WORK INSTRUCTIONS
Reproduce exactly only the lines from the line that holds "LED Wall Sconce" to the line that holds "Shop Anthropologie Velvet", inclusive, in the listing below, and please leave out every picture.

GIVEN ENTRIES
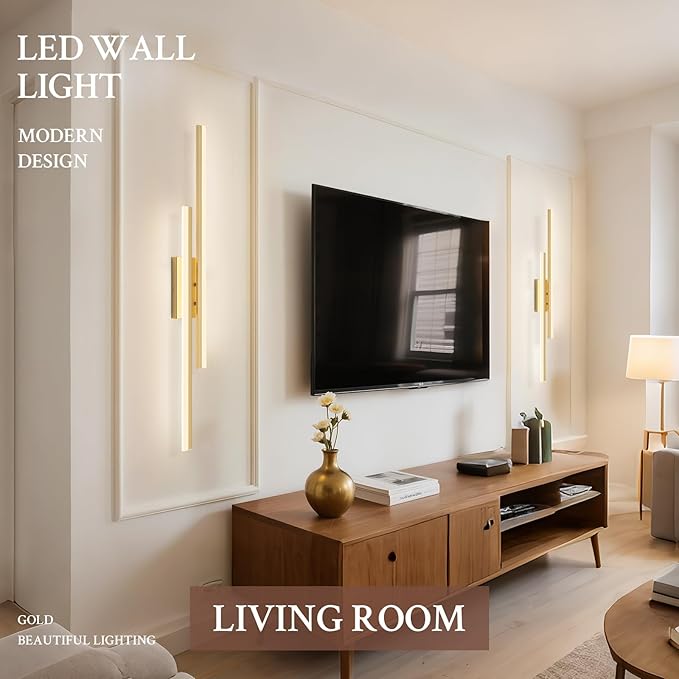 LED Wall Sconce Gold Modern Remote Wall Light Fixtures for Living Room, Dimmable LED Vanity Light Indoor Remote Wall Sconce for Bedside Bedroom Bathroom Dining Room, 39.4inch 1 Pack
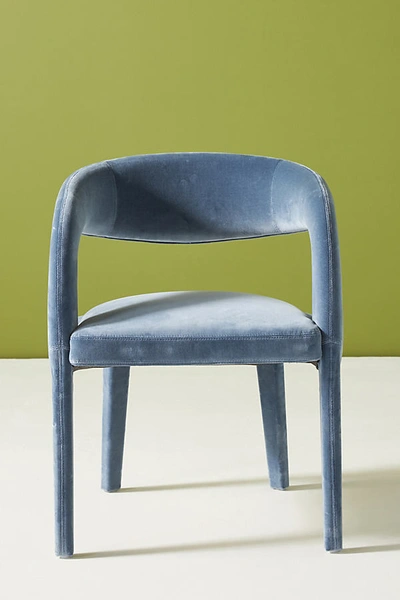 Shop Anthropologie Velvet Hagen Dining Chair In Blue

--

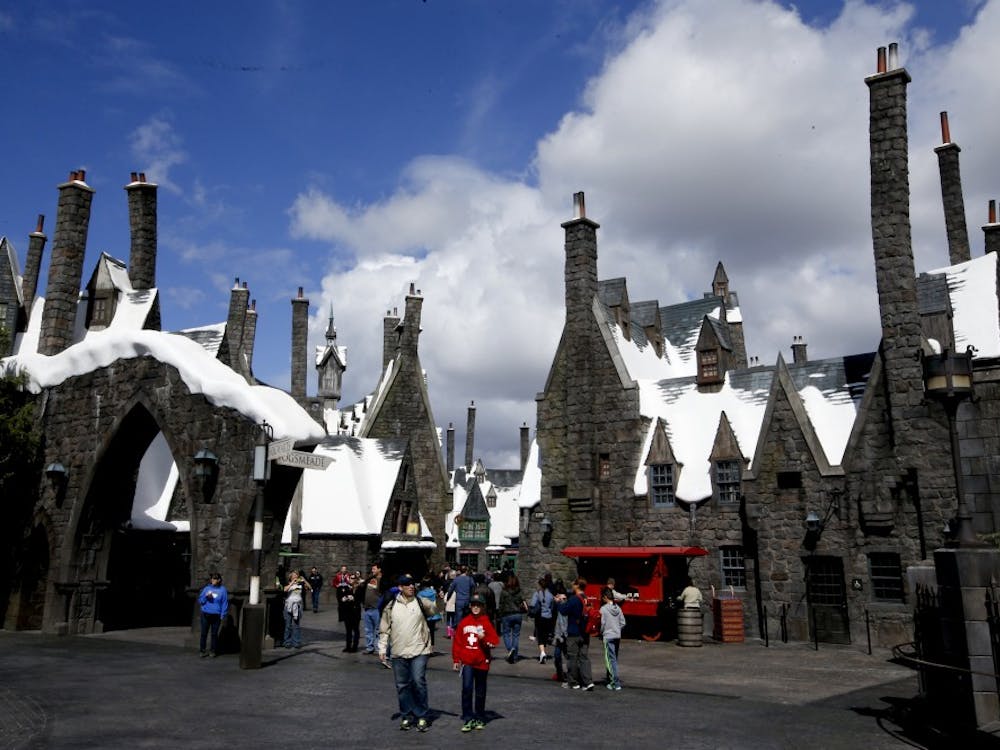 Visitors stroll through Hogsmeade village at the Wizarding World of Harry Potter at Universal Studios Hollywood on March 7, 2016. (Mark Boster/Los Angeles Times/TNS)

YOUR RESPONSE
 LED Wall Sconce Gold Modern Remote Wall Light Fixtures for Living Room, Dimmable LED Vanity Light Indoor Remote Wall Sconce for Bedside Bedroom Bathroom Dining Room, 39.4inch 1 Pack
 Shop Anthropologie Velvet Hagen Dining Chair In Blue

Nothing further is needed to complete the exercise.